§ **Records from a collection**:
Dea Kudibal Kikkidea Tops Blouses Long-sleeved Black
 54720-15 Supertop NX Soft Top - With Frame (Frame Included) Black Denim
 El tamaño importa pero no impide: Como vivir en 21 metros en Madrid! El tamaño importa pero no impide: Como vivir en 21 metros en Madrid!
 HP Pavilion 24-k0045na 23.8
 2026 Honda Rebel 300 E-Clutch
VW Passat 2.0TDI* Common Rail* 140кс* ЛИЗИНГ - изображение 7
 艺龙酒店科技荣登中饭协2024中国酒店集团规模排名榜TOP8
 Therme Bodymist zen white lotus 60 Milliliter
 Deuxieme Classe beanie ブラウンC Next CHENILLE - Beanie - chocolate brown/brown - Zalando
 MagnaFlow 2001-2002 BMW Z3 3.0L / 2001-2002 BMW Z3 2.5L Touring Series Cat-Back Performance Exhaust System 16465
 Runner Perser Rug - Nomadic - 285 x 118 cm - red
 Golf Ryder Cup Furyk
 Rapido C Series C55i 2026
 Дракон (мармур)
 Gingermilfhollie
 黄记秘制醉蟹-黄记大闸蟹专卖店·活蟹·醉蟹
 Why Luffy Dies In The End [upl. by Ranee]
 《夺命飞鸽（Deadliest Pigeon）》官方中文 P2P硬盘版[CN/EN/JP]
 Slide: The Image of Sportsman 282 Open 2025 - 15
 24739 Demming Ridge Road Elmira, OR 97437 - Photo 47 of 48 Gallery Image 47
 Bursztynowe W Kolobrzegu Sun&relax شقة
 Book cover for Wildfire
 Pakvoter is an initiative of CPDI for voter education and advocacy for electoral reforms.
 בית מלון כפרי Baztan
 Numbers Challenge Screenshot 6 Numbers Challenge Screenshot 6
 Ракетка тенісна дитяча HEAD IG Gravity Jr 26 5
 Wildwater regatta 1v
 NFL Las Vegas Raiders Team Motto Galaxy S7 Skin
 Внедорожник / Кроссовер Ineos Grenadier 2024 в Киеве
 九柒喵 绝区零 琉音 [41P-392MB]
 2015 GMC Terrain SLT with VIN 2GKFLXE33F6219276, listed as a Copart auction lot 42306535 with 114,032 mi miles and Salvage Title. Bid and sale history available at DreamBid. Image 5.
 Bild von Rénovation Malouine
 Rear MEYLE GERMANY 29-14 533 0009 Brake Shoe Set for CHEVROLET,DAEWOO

§ **Task objective**:
In your reply, restate exactly the lines from the start of the records above through the line holding "Deuxieme Classe beanie", including both, and nothing else.

§ **Your solution**:
Dea Kudibal Kikkidea Tops Blouses Long-sleeved Black
 54720-15 Supertop NX Soft Top - With Frame (Frame Included) Black Denim
 El tamaño importa pero no impide: Como vivir en 21 metros en Madrid! El tamaño importa pero no impide: Como vivir en 21 metros en Madrid!
 HP Pavilion 24-k0045na 23.8
 2026 Honda Rebel 300 E-Clutch
VW Passat 2.0TDI* Common Rail* 140кс* ЛИЗИНГ - изображение 7
 艺龙酒店科技荣登中饭协2024中国酒店集团规模排名榜TOP8
 Therme Bodymist zen white lotus 60 Milliliter
 Deuxieme Classe beanie ブラウンC Next CHENILLE - Beanie - chocolate brown/brown - Zalando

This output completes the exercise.